§ Assigned task
Copy each entry below verbatim. Skip the pictures.

Source records
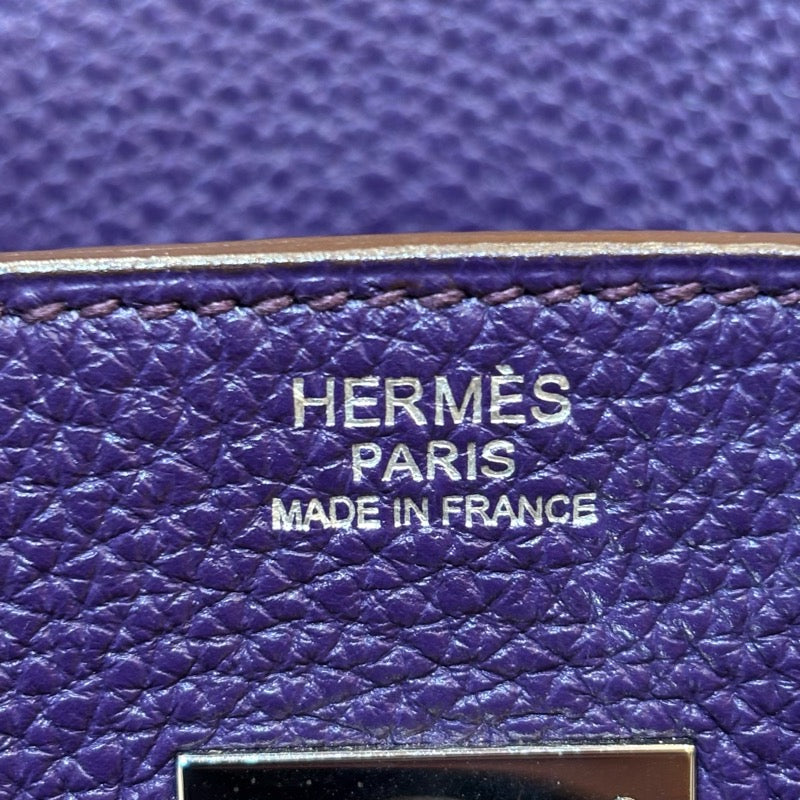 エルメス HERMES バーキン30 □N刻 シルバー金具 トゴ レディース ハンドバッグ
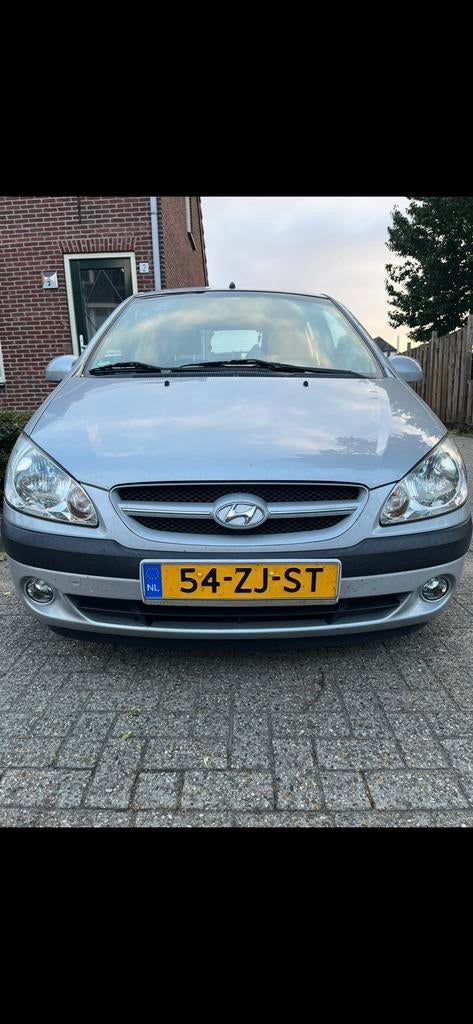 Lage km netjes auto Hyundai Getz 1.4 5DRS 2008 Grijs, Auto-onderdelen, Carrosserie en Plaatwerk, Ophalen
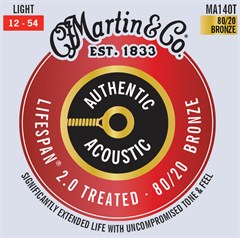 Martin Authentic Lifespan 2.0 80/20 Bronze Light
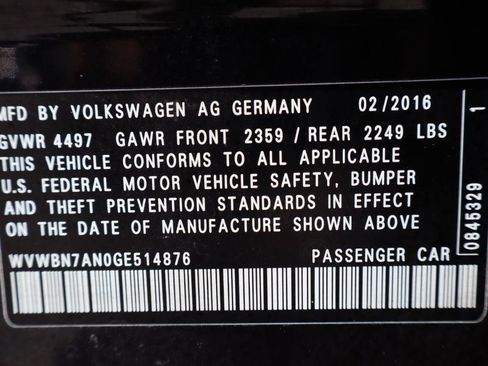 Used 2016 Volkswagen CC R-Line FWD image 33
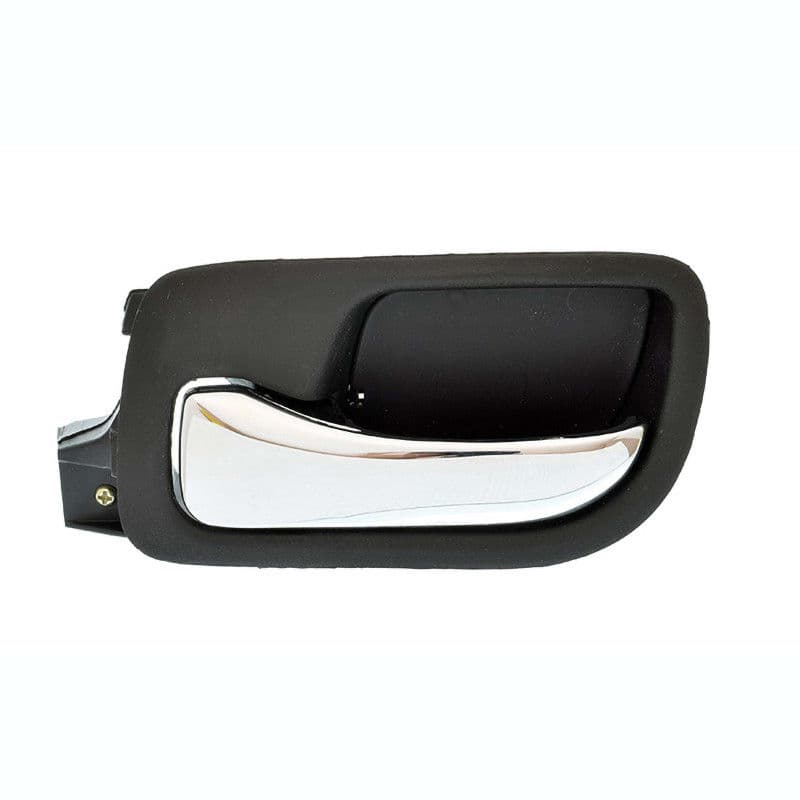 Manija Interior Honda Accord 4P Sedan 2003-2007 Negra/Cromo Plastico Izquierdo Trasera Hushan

§ Answer to this problem
 エルメス HERMES バーキン30 □N刻 シルバー金具 トゴ レディース ハンドバッグ
 Lage km netjes auto Hyundai Getz 1.4 5DRS 2008 Grijs, Auto-onderdelen, Carrosserie en Plaatwerk, Ophalen
 Martin Authentic Lifespan 2.0 80/20 Bronze Light
 Used 2016 Volkswagen CC R-Line FWD image 33
 Manija Interior Honda Accord 4P Sedan 2003-2007 Negra/Cromo Plastico Izquierdo Trasera Hushan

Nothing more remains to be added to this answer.